Figure 2. The Decision-Making Phase

2A) The whole-brain voxelwise analyses contrasting the activation between risky decisions involving uncertainty (the behavioral risk versus the reward risk and no risk condition) revealed greater activations in the cluster involving regions of the left superior parietal lobule, left lateral occipital cortex, and left and right precuneus in the CUD group compared with the controls with psychopathology. Figure-2B. Superior parietal lobule (SPL) mean percent BOLD signal change (and standard error bars) to behavioral risk > baseline (i.e., the jittered fixation between trials) in the three groups. Region of interest analyses demonstrated that the CUD group significantly differed from controls with psychopathology and healthy controls (F_1,56=8.70, p=.0005); post-hoc analyses showed CUD behavioral risk activation (purple column) was higher compared to controls with psychopathology (light blue column) and healthy controls (green column). Post-hoc pairwise comparisons were made with LS Means Differences Tukey’s HSD, *p<.05.

Figure 3

Figure-3A. The Reward Outcome Phase Whole-brain analysis of behavioral and reward risk rewarded > behavioral and reward risk no-reward. Decreased left OFC activations were seen in the CUD group compared to controls with psychopathology. Figure-3B. Region of interest measures showing mean left OFC percent signal change (and standard error bars) to reward minus no-reward after making a risky decision in the three groups. OFC activation was lower in the CUD group (purple column) compared to controls with psychopathology and healthy controls (F_2,53=4.8, p<.01); post-hoc analyses showed that CUD activations (purple column) were lower compared to controls with psychopathology (light blue column) and healthy controls (green column). Post-hoc pairwise comparisons were made with LS Means Differences Tukey’s HSD, *p<.05.

Figure 4

Figures-4A & 4B The total number of individual drug classes experimented with prior to CUD treatment was associated with lower left OFC BOLD response to reward (r_s=−.60, p<.02) and reward minus no-reward (r_s =−.63, p=.01).

Figure 5

Figure-5A. Mean percent signal change and standard error bars to behavioral and reward risk trials rewarded (reward) and behavioral and reward risk trials not rewarded (no-reward) shown for each group.
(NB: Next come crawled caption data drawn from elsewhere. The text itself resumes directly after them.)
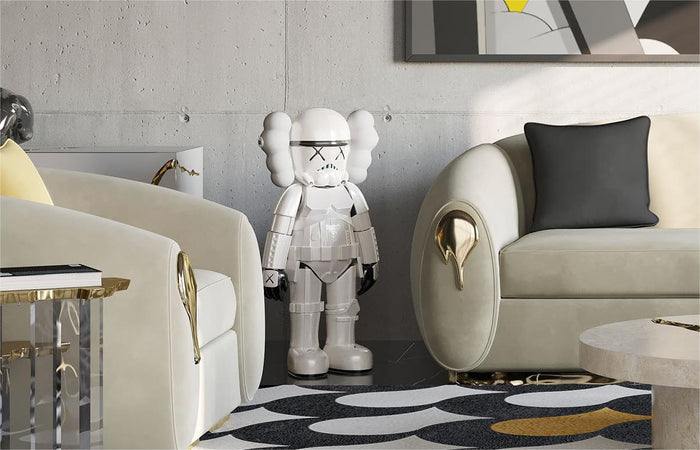 KAWS Star War Fiberglass Floor Sculpture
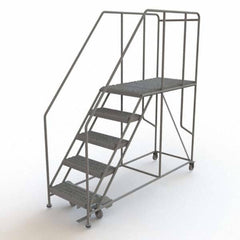 TRI-ARC - Rolling & Wall Mounted Ladders & Platforms Type: Rolling Work Platform Style: Steel Work Platform - Eagle Tool & Supply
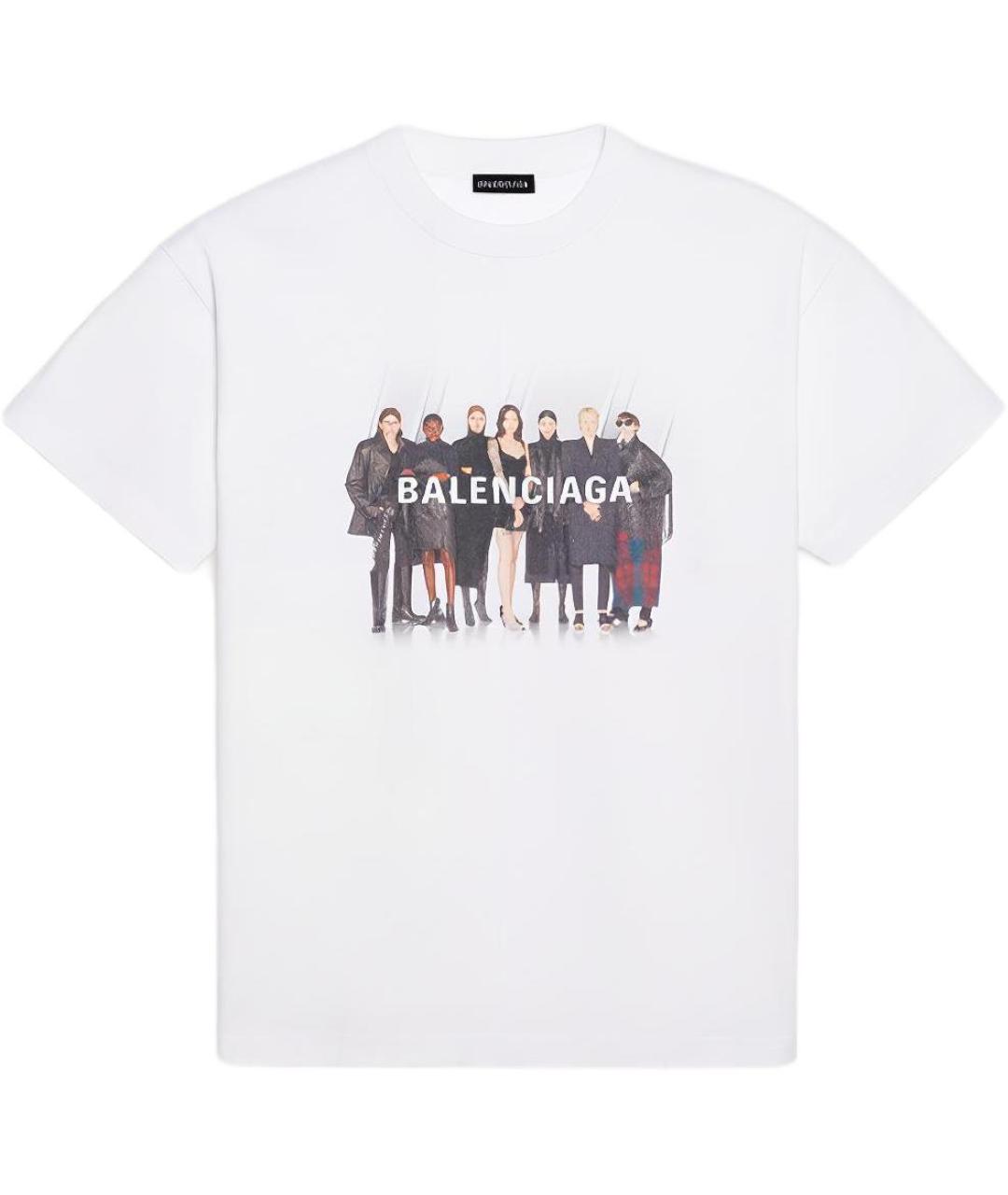 BALENCIAGA Белая футболка, фото 1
Percent signal change was extracted from the left OFC cluster found in the whole-brain analysis to illustrate left OFC response of each of the groups to reward and no-reward. The left OFC showed a significant interaction between both control groups and condition (reward versus no-reward) (F_2,53 =4.8, p=0.01). Figure-5B. CUD duration significantly and negatively correlated with left OFC response to no-reward covarying for the participant’s current age (Partial correlation= −0.7620, p<.009). This suggests that the longer participants had a CUD diagnosis, the more the CUD participant’s response to no-reward appeared similar to both control groups.